Congratulations are in order for the folks at Google Deepmind who have mastered Go.
However, some of the discussion around this seems like giddy overstatement. Wired says Machines have conquered the last games and Slashdot says We know now that we don’t need any big new breakthroughs to get to true AI. The truth is nowhere close.
For Go itself, it’s been well-known for a decade that Monte Carlo tree search (i.e. valuation by assuming randomized playout) is unusually effective in Go. Given this, it’s unclear that the AlphaGo algorithm extends to other board games where MCTS does not work so well. Maybe? It will be interesting to see.
Delving into existing computer games, the Atari results (see figure 3) are very fun but obviously unimpressive on about ¼ of the games. My hypothesis for why is that their solution does only local (epsilon-greedy style) exploration rather than global exploration so they can only learn policies addressing either very short credit assignment problems or with greedily accessible polices. Global exploration strategies are known to result in exponentially more efficient strategies in general for deterministic decision process(1993), Markov Decision Processes (1998), and for MDPs without modeling (2006).

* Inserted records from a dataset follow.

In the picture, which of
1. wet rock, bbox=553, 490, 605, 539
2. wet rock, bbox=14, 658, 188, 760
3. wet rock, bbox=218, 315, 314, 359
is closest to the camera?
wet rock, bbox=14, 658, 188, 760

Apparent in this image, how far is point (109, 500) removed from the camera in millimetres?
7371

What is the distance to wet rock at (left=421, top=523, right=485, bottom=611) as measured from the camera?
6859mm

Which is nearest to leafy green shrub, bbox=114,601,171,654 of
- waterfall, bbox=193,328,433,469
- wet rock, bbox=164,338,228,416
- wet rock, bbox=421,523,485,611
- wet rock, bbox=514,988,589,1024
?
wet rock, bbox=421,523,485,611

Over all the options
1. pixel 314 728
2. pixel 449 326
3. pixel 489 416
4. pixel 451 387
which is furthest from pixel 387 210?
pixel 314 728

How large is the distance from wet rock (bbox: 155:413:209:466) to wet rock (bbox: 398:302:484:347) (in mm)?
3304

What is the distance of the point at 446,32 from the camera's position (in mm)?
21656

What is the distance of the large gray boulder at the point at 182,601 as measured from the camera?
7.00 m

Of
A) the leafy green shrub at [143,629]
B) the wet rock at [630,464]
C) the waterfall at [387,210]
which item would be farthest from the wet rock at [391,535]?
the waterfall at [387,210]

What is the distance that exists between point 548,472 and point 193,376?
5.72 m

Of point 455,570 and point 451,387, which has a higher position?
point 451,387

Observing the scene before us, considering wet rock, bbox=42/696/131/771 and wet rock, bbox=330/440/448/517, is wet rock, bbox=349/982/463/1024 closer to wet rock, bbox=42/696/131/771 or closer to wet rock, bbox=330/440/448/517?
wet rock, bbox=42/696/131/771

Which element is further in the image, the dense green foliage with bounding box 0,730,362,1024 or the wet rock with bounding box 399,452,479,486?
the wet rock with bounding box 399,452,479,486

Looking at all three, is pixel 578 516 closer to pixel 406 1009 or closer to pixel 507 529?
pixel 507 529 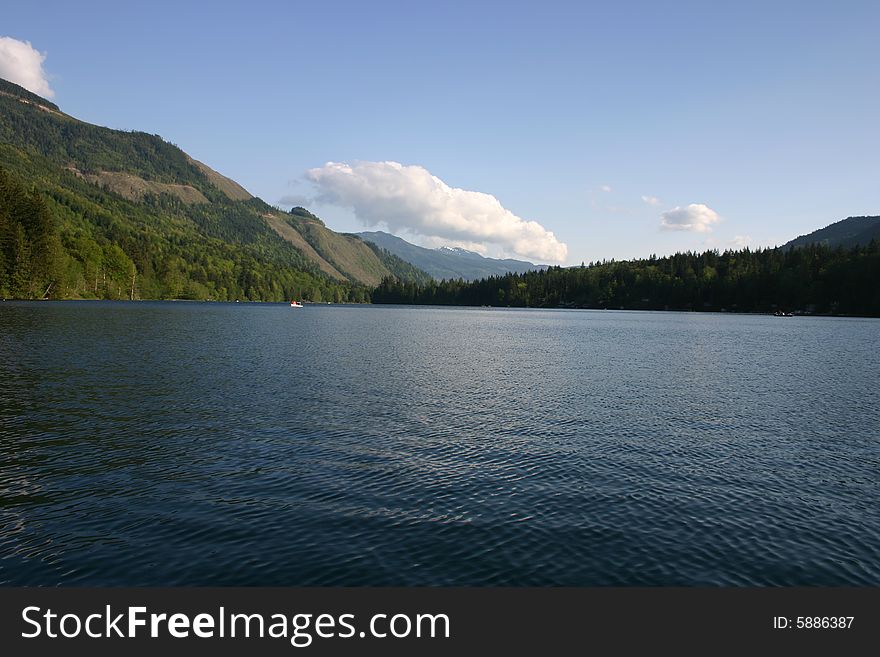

The reason these strategies are not used is because they are based on tabular learning rather than function fitting. That’s why I shifted to Contextual Bandit research after the 2006 paper. We’ve learned quite a bit there, enough to start tackling a Contextual Deterministic Decision Process, but that solution is still far from practical. Addressing global exploration effectively is only one of the significant challenges between what is well known now and what needs to be addressed for what I would consider a real AI.
This is generally understood by people working on these techniques but seems to be getting lost in translation to public news reports. That’s dangerous because it leads to disappointment. The field will be better off without an overpromise/bust cycle so I would encourage people to keep and inform a balanced view of successes and their extent. Mastering Go is a great accomplishment, but it is quite far from everything.
Opencog has got interesting synergetic architecture where you could fit all these sort of algorithm in synergy.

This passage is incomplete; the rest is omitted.